So after reading the previous posts and their links, am i right in thinking that no licence is required for tamarins or marmosets? If iv missed something obvious i do appologise :blush:


----------



## yugimon121 (Oct 4, 2009)

fjfenton said:


> So after reading the previous posts and their links, am i right in thinking that no licence is required for tamarins or marmosets?

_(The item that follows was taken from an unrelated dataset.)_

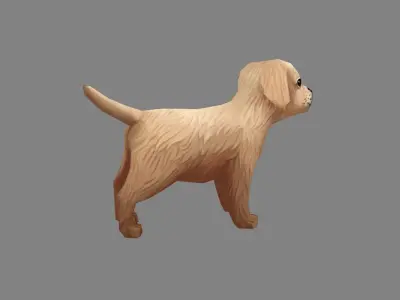 Cartoon puppy - brown dog Low-poly 3D model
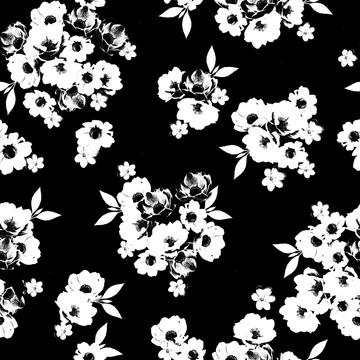黑白手绘碎花花团图服装家纺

If iv missed something obvious i do appologise :blush:


Yes, Tamarins and marmosets dont require a DWAL


----------



## Zoo-Man (Apr 12, 2008)

Squirrel Monkeys don't either


----------



## PETERAROBERTSON (Jul 2, 2008)

Zoo-Man said:


> Squirrel Monkeys don't either


Theres a list on the forum.
Animals requiring dwa.
Dont meen to sound cheaky in any way.
Not for you colin using yours to reply...
With phone.
Auld yin here trying to be up to date...
Still preffer talking as theres no spelling involved:lol2:


----------



## Zoo-Man (Apr 12, 2008)

PETERAROBERTSON said:


> Theres a list on the forum.
> Animals requiring dwa.
> Dont meen to sound cheaky in any way.
> Not for you colin using yours to reply...
> ...


Oh I don't go on the internet on my phone, as my mobile isn't one of these modern gadgets. Clark's is though.


----------